Book launch: Practices of Projection: Histories and Technologies (eds. Gabriel Menotti and Virginia Crisp)

The Department of Culture, Media and Creative Industries at King’s College London has the pleasure of hosting a launch of the collection published by the Oxford University Press on Wednesday 9th December 2020.

To many, the technological aspects of projection often go unnoticed, only brought to attention during moments of crisis or malfunction. For example, when a movie theatre projector falters, the audience suddenly looks toward the back of the theatre to see a sign of mechanical failure. The history of cinema similarly shows that the attention to projection has been most focused when the whole medium is hanging in suspension. During Hollywood’s economic consolidation in the ’30s, projection defined the ways that sync-sound technologies could be deployed within the medium. Most recently, the digitization of cinema repeated this process as technology was reworked to facilitate mobility. These examples show how projection continually speaks to the rearrangement of media technology. Projection, therefore, needs to be examined as a pivotal element in the future of visual media’s technological transition.

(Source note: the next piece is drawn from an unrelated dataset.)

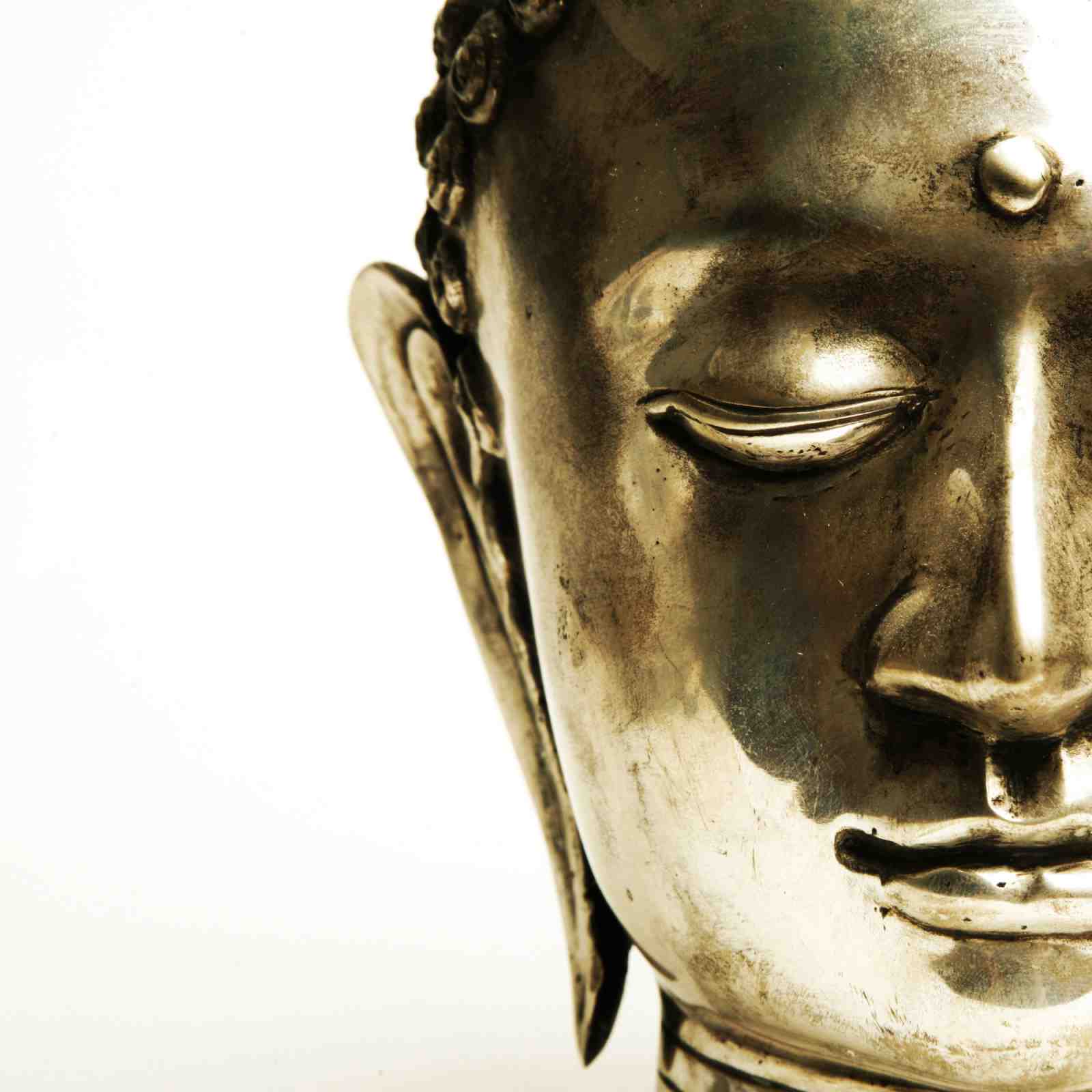 Serene Buddha Face Metallic Wall Art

In Practices of Projection: Histories and Technologies, volume editors Gabriel Menotti and Virginia Crisp address the cultural and technological significance of projection. Throughout the volume, chapters reiterate that projection cannot, and must not, be reduced to its cinematic functions alone. Borrowing media theorist Siegfried Zielinksi’s definition, Menotti and Crisp refer to projection as the “heterogeneous array of artefacts, technical systems, and particularly visual praxes of experimentation and of culture.” From this, readers can understand the performative character of the moving image and the labour of the different actors involved in the utterance of the film text. Projection is not the same everywhere, nor equal all the time. Its systems are in permanent interaction with environmental circumstances, neighbouring structures, local cultures, and social economies. Thus the idea of projection as a universal, fully autonomous operation cannot hold. Each occurrence of projection adds nuance to a wider understanding of film screening technologies.

Speakers

Gabriel Menotti (Lecturer in Film Editing & Multimedia, Federal University of Espírito Santo) and Virginia Crisp (Lecturer in Cultural & Creative Industries, King’s College London) and other contributors, including Leila Sujir, PI and Director of Elastic Spaces.